5 Comments on "Massive Demand, Huge Prices, Load Shedding and the Cumulative Price Threshold (and lessons learnt?)"

  1. From the Herald Sun website:

    “National Electricity Market Management Company spokesman Paul Bird could not say exactly how many homes were affected.

    “We instructed the transmission companies in Victoria to reduce the load because of that unusual event,” he said.

    Energy and Resources Minister Peter Batchelor said electricity supply was “very tight” but there was “just sufficient power” to get by.

    “Subject to no major plant failures and other catastrophic interruptions, we think we’ll get through today, the tightest of all days,” Mr Batchelor said.”

    This is a conflict of information with what you have reported – does this mean that the media is covering up the fact that load was shed before basslink tripped due to the lack of reserve?”

    • Hi Kieran,

      Thanks for your excellent question.

      We’re still pondering this one, to try to work it out. What we can see from the NEM-Watch snapshot included above is that:

      1) The Market Notice about Basslink trip was published at 14:14 (i.e. first) and the LOR load shedding in SA at 14:26 – both of these times are NEM times, we believe.

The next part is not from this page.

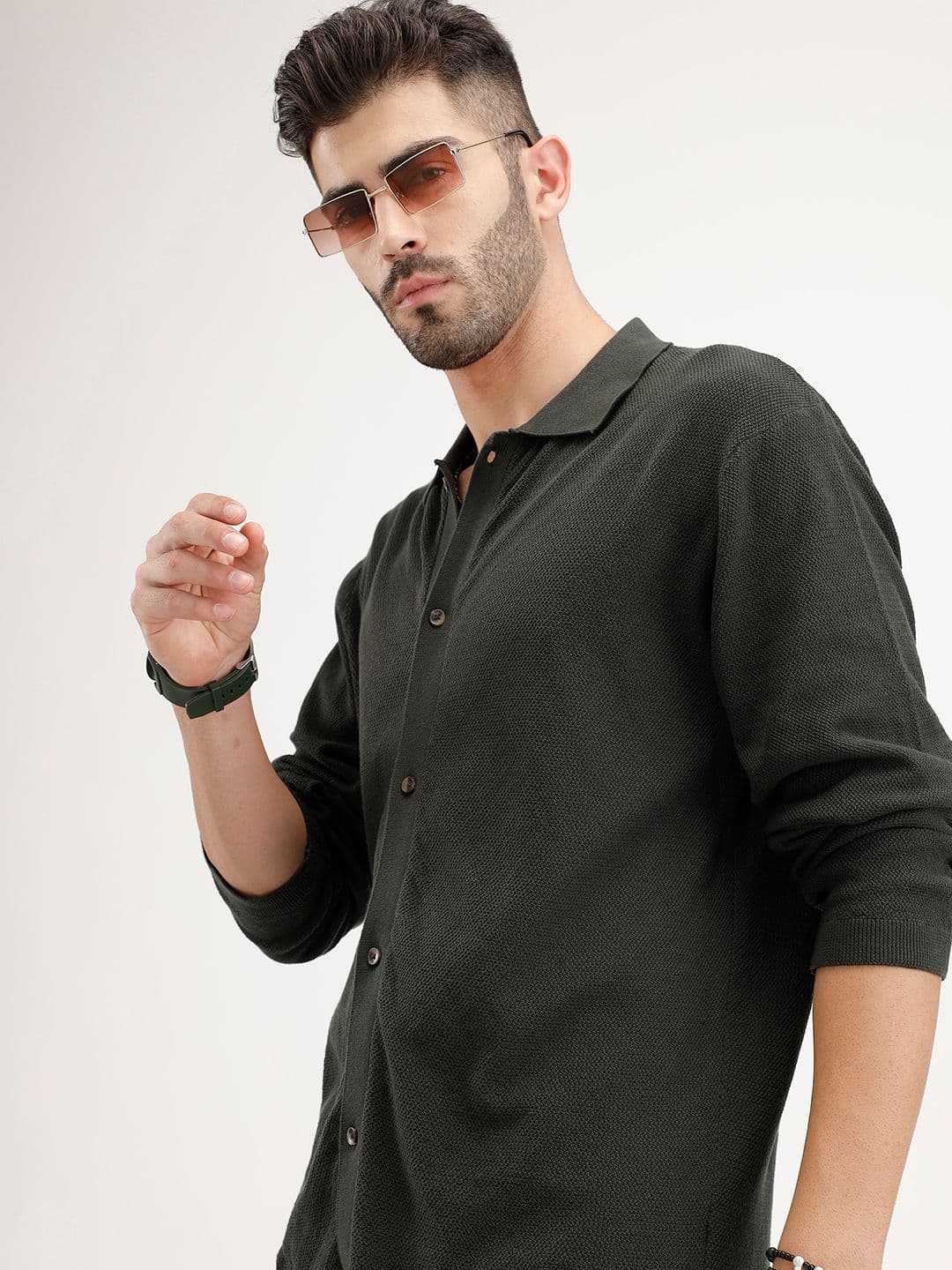 WROGN Comfort Fit Knitted Pure Cotton Casual Shirt - view 1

      2) The Market Notice itself refers to load shedding starting at 13:50 (i.e. half hour beforehand). We thought that this may have been a local time in SA, but that does not make sense, either, as SA is ahead of NEM time by 30 minutes in summer.

      3) We can also see (snapshot not included) that the load started dropping in SA at 14:00 and that this continued to 15:00 (NEM time).

      4) In total there was a reduction of 200MW or so – so it is possible that some of this was not the INVOLUNTARY curtailment, and might have just been a coincident outage in ETSA’s distribution system, which was under strain all day.

      Hence we’re not sure what the situation was …

  2. Paul

    Thanks for your excellent analysis of NEM spot market behaviour. It would be even more worthwhile if you could complement this with information and discussion about related derivative trading.


    • Hugh,

      Of course you are aware that the derivatives tend to trade on a quarterly basis for forward exposures, not in real-time along with spot market events.

      d-cyphaTrade provide a comprehensive weekly market wrap of futures activity on their website (


    • Hugh,

      Apologies for the slow response.

      We realise that the wholesale market is only 1/2 of the puzzle, and are working on ways in which we can shed more light on the operation of financial market trading (both OTC and ASX), but are not at a position where we can say much more yet.